Sappi raises speciality paper prices again

Sappi raises speciality paper prices again

Sappi is lifting speciality packaging paper prices again this April. A further €65 per tonne increase will apply from 15 April, adding more pressure to fibre-based packaging procurement.


IN Brief:

  • Sappi Europe is applying an additional €65 per tonne increase across Packaging & Speciality products from 15 April 2026.
  • The company has linked the move to weak underlying profitability and fresh supply-chain volatility tied to the Middle East.
  • Food packaging buyers now face another paper cost reset just weeks after the earlier April increase.

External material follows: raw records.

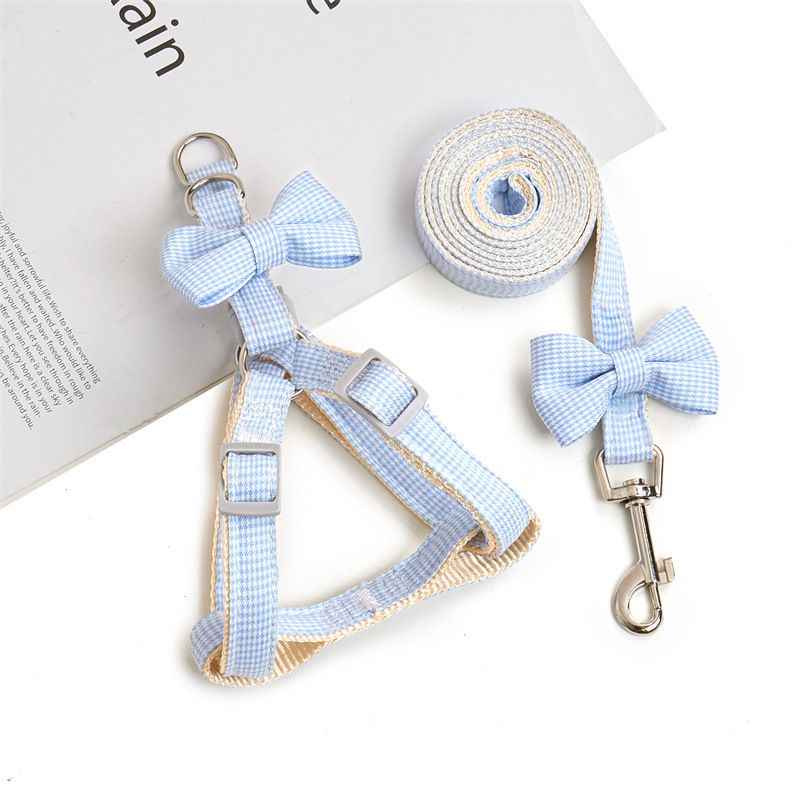 Nylon Houndstooth Dog Leash Cat Harness Blue 1.0cm Pink 1.0cm recommend 1.50 kg-3.50 kg - Luxe Whiskers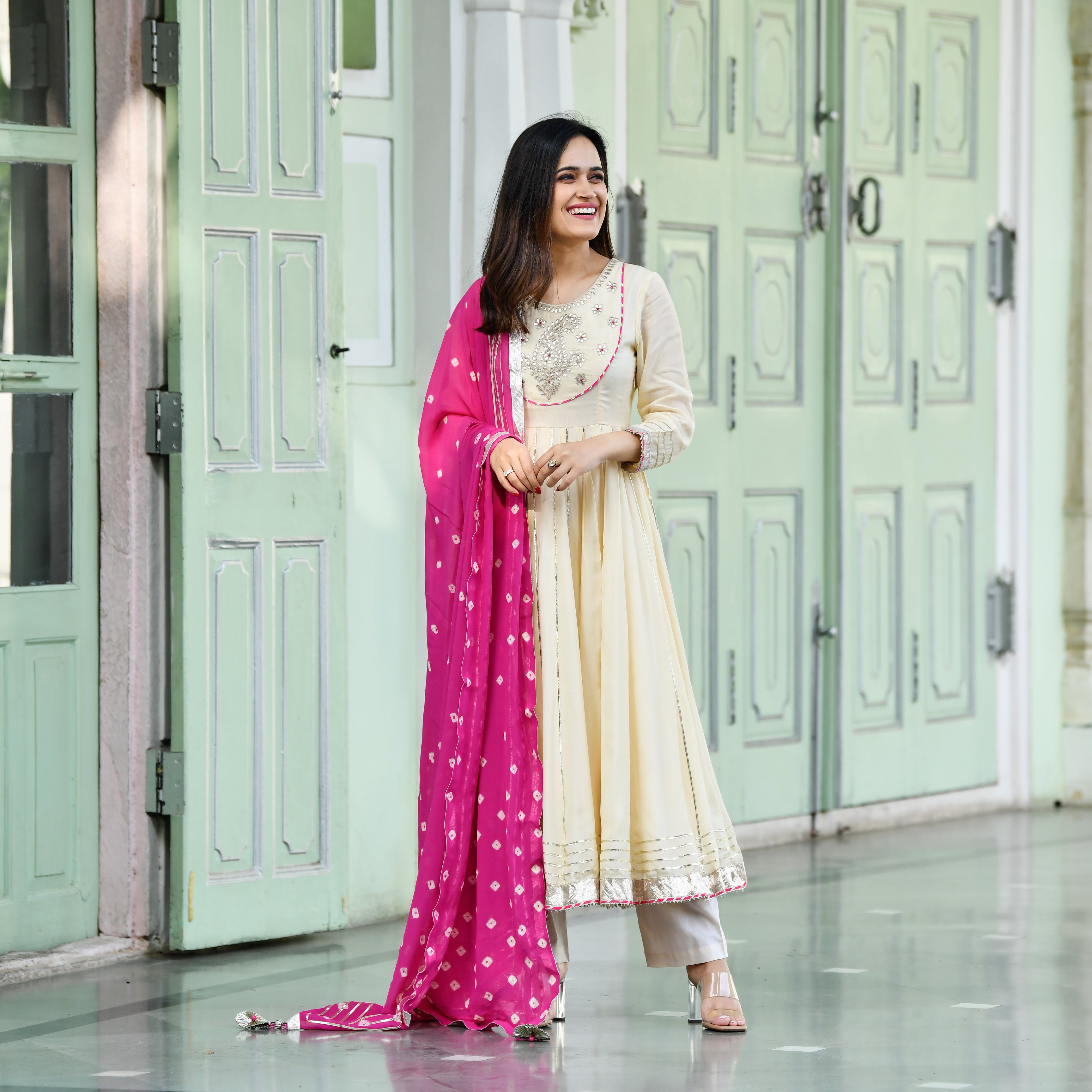  Riwaj White Designer Anarkali Suit Set for Women Online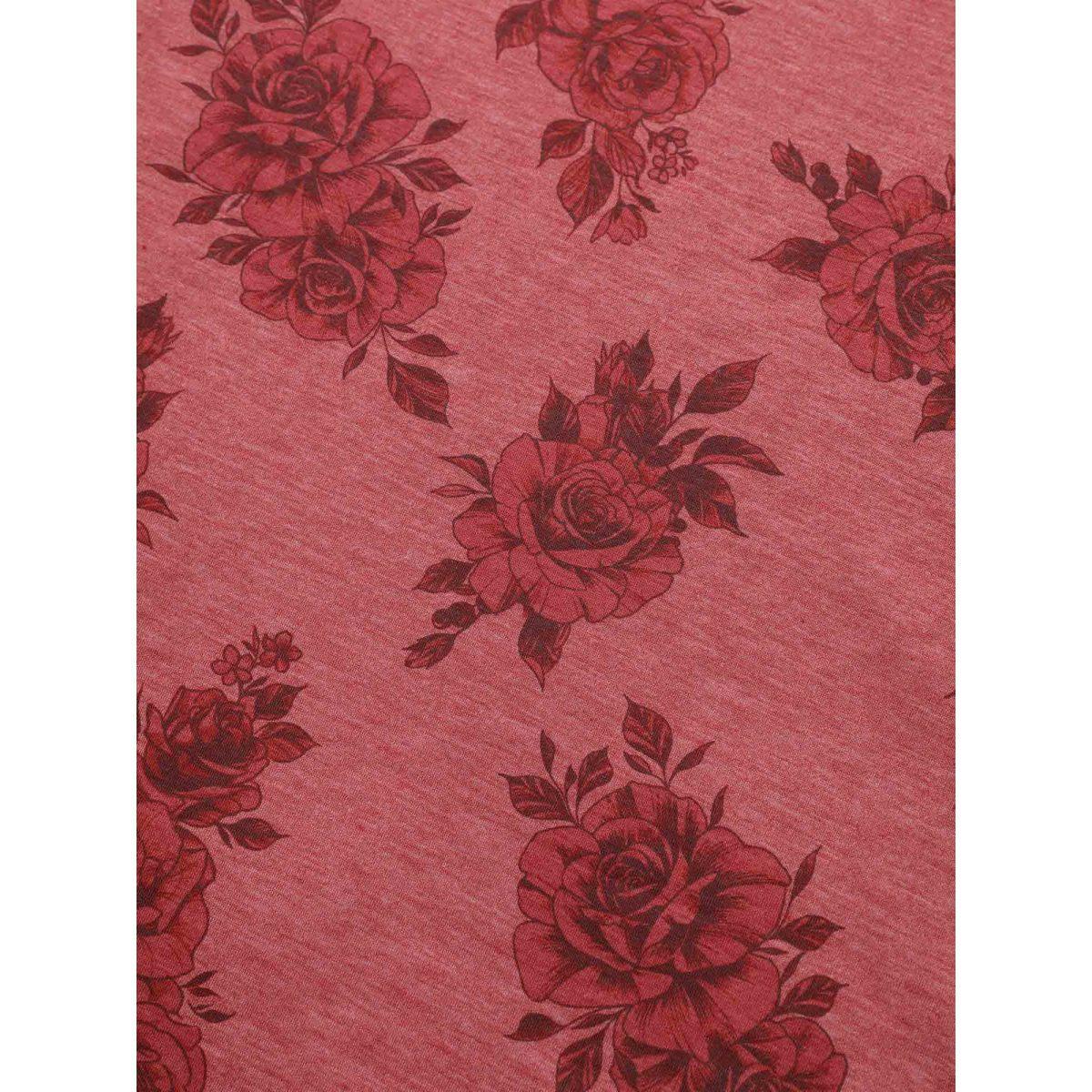 Plus Size Rose Floral Print V Neck T-shirt Rouge Women Elegant Non Floral V-neck Everyday T-shirts BloomChic 28/5X Product Image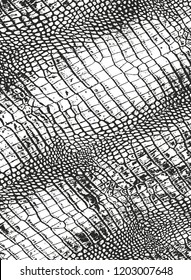 Distressed overlay texture of crocodile or snake skin leather, grunge vector background.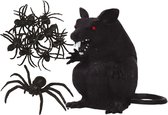 Nep beestjes set - rat en spinnen - zwart - Horror/griezel thema decoratie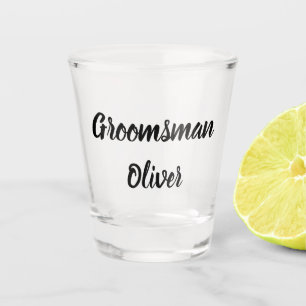 Verre A Shot Groomsman Black Nom personnalisé Cadeaux Mariage
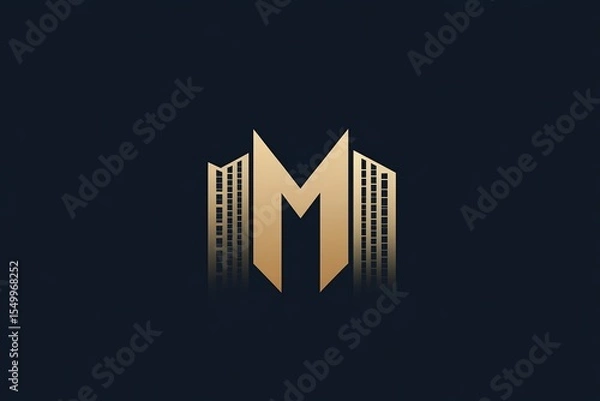 Fototapeta Logo design, minimalist style with building elements and the letter M in the middle of two buildings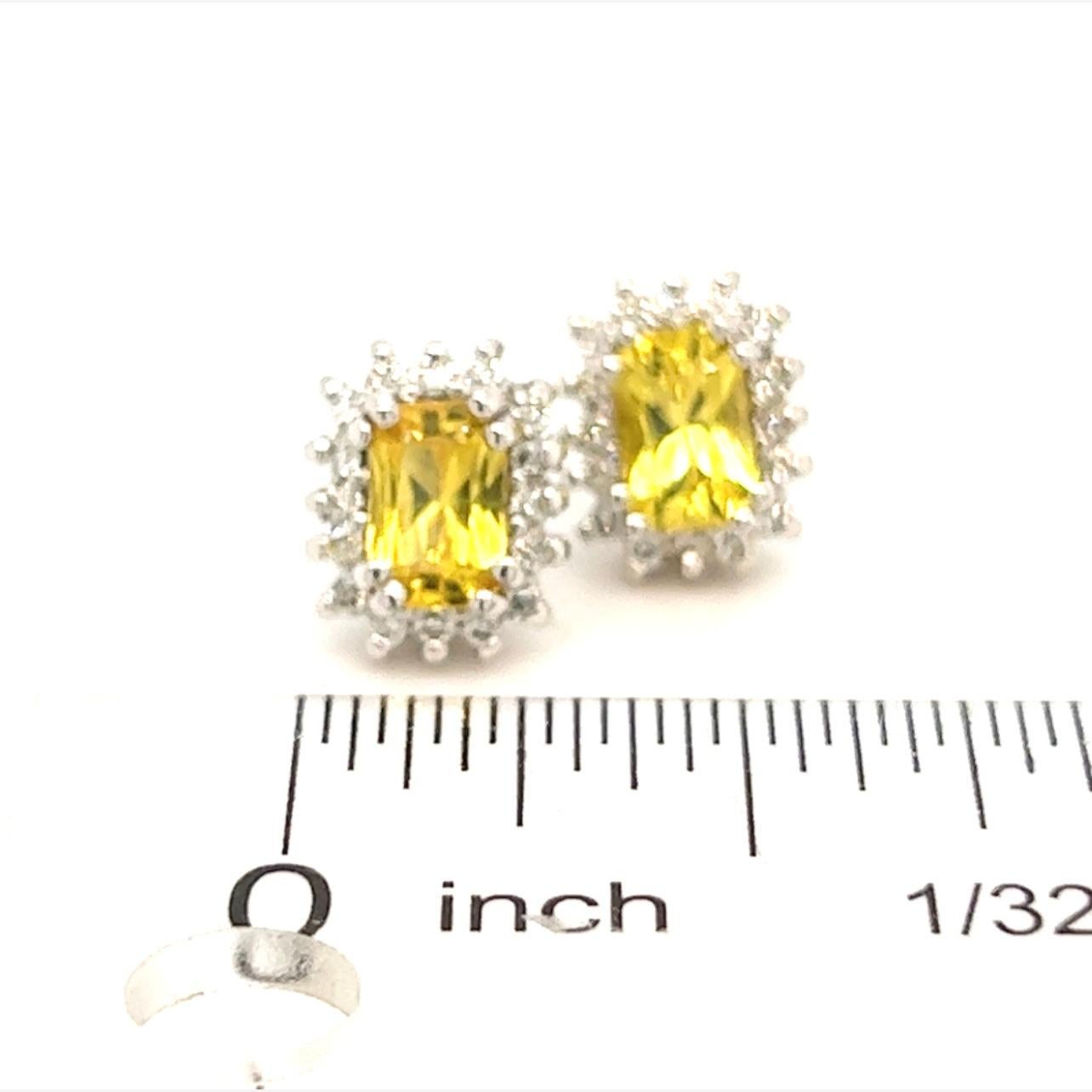 Orecchini con zaffiro naturale e diamante in oro 14k W 1,71 TCW certificati in vendita 11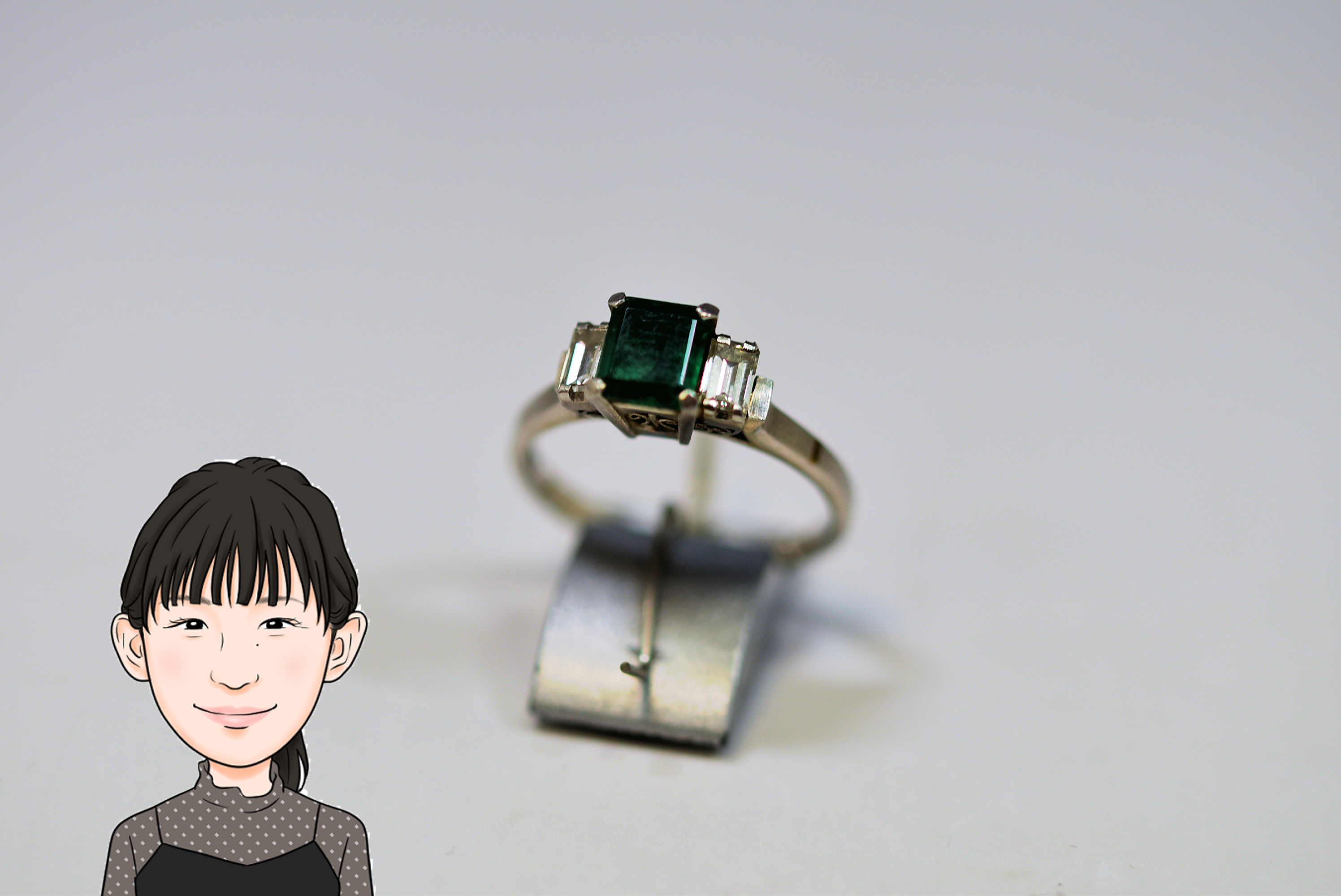 Pt900 プラチナ エメラルド ダイヤモンド 指輪 画像1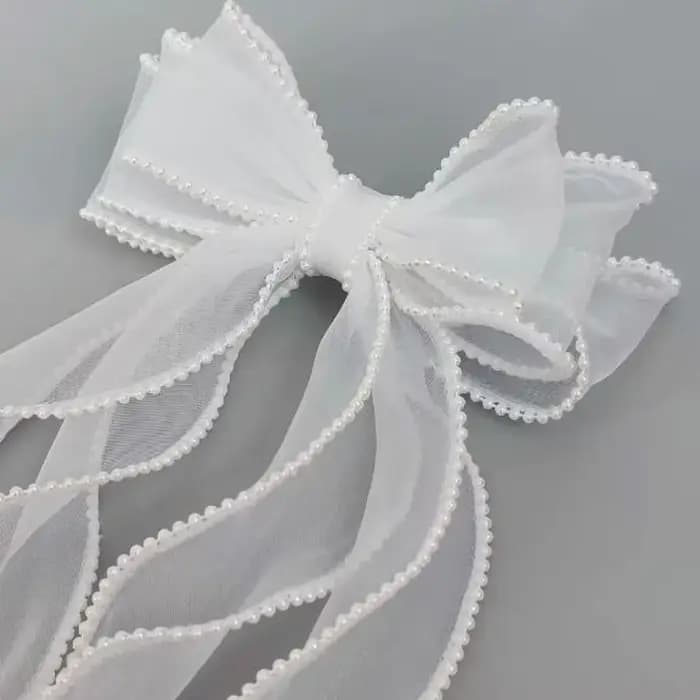 Accessoire pour cheveux de mariée : décoration de cheveux de mariage avec nœud blanc perlé fabriqué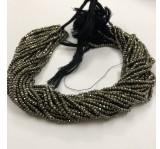 Natural Pyrite Faceted Rondelle Beads Strand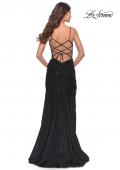 Picture of: Long Tulle Gown with Stunning Beaded Lace Applique Details in Black, Style: 31382, Back Picture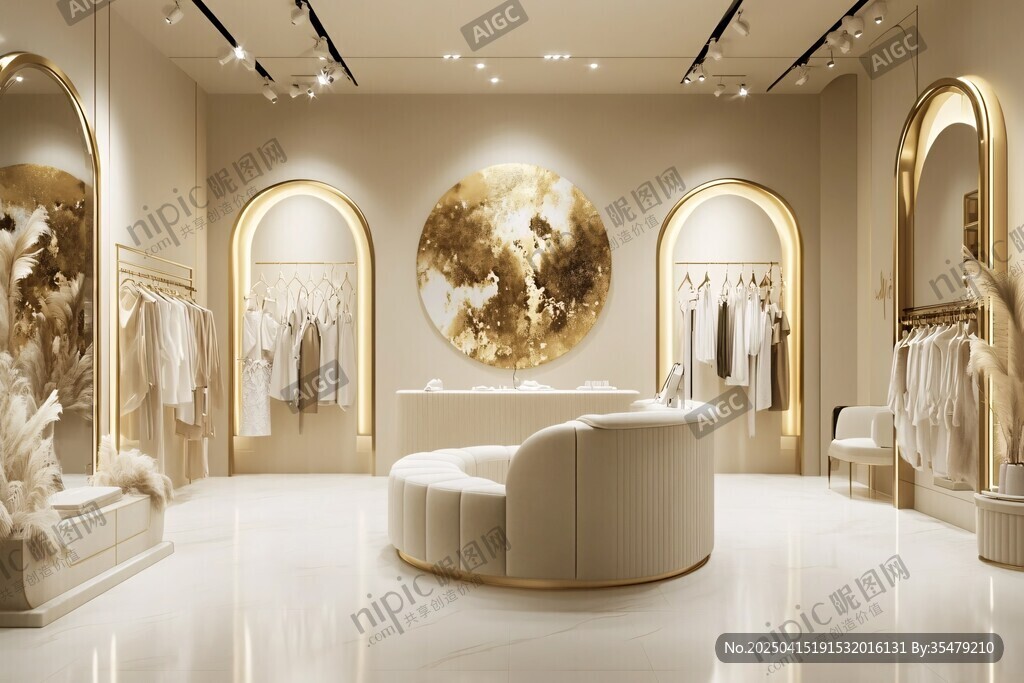 奢華時尚服裝店室內(nèi)場景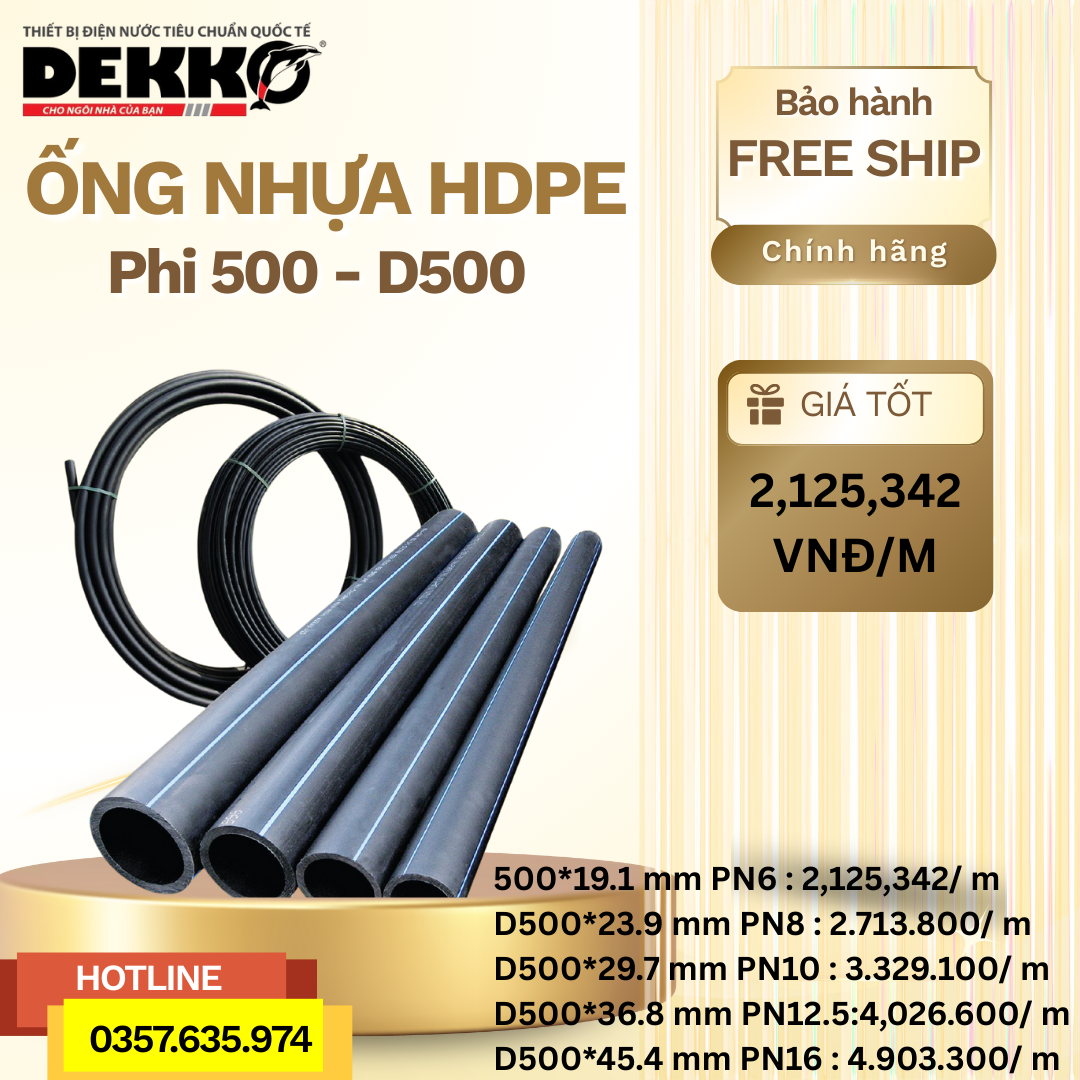 Ống Nhựa HDPE DEKKO Phi 500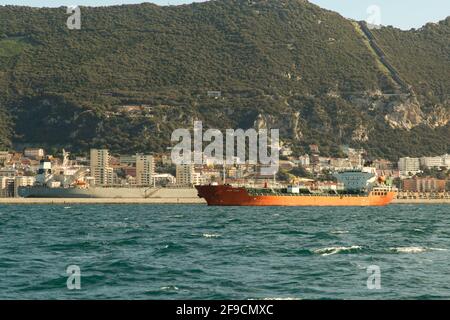 La nave della tigre di Chem (IMO: 9287297) ormeggiata a Gibilterra è un'autocisterna petrolifera/chimica che è stata costruita nel 2003 e sta navigando sotto la bandiera delle isole Marshall Foto Stock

Sappi Europe is introducing a further €65 per tonne increase on all Packaging & Speciality products for deliveries from 15 April 2026, extending a pricing correction that had already begun earlier in the month. For buyers of paper-based food packaging, the move adds another layer of cost pressure at a point when fibre formats are already carrying more strategic weight in pack development.

The company said the additional increase was needed to address an unsustainably low margin position in its Packaging & Speciality business. It also pointed to fresh volatility in global supply chains linked to the evolving situation in the Middle East, adding that temporary surcharges could follow if costs continue to climb. That leaves converters and packaging buyers dealing not only with a higher published price, but with the possibility that the number may not hold for long.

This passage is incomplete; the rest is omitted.